Сейчас масштабы погромов выросли в разы и всё из-за того что вовремя бомбардировки Гельсингфорса, погибло и получили ранения более 300 человек и более 100 человек получили отравления и это только среди мирного населения. И самое страшное, что тогда случилось, что среди пострадавших было много детей. Народ требовал возмездия за такое чудовищное преступление – где погибли и пострадали невинные дети. Во время похорон невинных жертв войны, собрались тысячные толпы людей. На головы германцев посыпались проклятья, а так как их тут рядом нет, то на тех, кто как-либо лояльно относился к ним или намекал о примирении с немцами, для них настали весёленькие дни. В Германии этот инцидент хотели преподнести как случайность, что цепеллины бомбили только корабли русского флота, и несколько бомб случайно попало на городские кварталы. Но многие видели, а там на берегу находились не только жители города, но было не мало представителей других стран в том числе и нейтральных. И что этот германский цепеллин умышленно сбросил бомбовый груз на город, он даже не пытался атаковать русские корабли, и это была не случайность, а преднамеренные действия германского экипажа. После этих событий по стране прокатился патриотический подъём под лозунгом всё для победы. Появилось много добровольцев среди среднего класса, но таких направляли в училища и на курсы – фронту нужны офицеры и всякого рода специалисты.

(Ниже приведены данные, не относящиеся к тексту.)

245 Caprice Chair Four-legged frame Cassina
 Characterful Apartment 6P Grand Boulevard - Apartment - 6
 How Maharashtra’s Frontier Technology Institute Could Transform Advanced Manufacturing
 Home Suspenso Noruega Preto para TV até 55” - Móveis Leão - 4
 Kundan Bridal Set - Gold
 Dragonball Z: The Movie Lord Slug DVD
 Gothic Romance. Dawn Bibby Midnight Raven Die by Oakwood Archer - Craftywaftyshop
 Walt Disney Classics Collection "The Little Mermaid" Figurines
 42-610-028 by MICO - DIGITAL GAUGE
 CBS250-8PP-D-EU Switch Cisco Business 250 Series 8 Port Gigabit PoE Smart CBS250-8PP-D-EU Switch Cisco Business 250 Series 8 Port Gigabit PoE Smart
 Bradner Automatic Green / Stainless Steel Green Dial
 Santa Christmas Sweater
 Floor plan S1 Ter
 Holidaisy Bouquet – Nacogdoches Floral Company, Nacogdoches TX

Нашу "Полтаву" залатали за двое суток, как и "Севастополь", рабочие Гельсингфорса работали круглосуточно, да когда это было видано – (если не считать следующую войну, но вот будут она или нет, покажет время). На этом же подъеме был отремонтирован и крейсер "Адмирал Макаров", что простоял до этого 10-ь дней в ремонте. А тут после всего этого, без всякой волокиты, ремонт быстро завершился.
Общественность требовала, от правительства, армии и флота, решительных действий, досталось флоту за его пассивность. Назревали перестановки и отставки. Подчинение Балтийского флота Главнокомандующему VI армией, было одной из роковых ошибок, чтобы не сказать больше – несуразностей верховного командования. Во-первых, флот вывели из подчинения армии и предоставили больше самостоятельности. Правда была создана оперативная группа кораблей на базе Морских сил Рижского залива, куда вошли несколько канонерских лодок и старых эсминцев для непосредственной поддержки приморского фланга русских войск держащих оборону по побережью Балтийского моря. История всех войн, и в особенности несчастной русско-японской, подтверждает старую истину, что флотом нельзя управлять с берега. После этого адмирал Канин получил от Императора добро, по своему усмотрению использовать все четыре линкора, и на планирование и проведения самостоятельных морских операций. В мою группу перевели "Севастополь" пока "Петропавловск" на ремонте, но это будет чуть впереди, а пока операция Германского флота по прорыву в Рижский залив продолжается.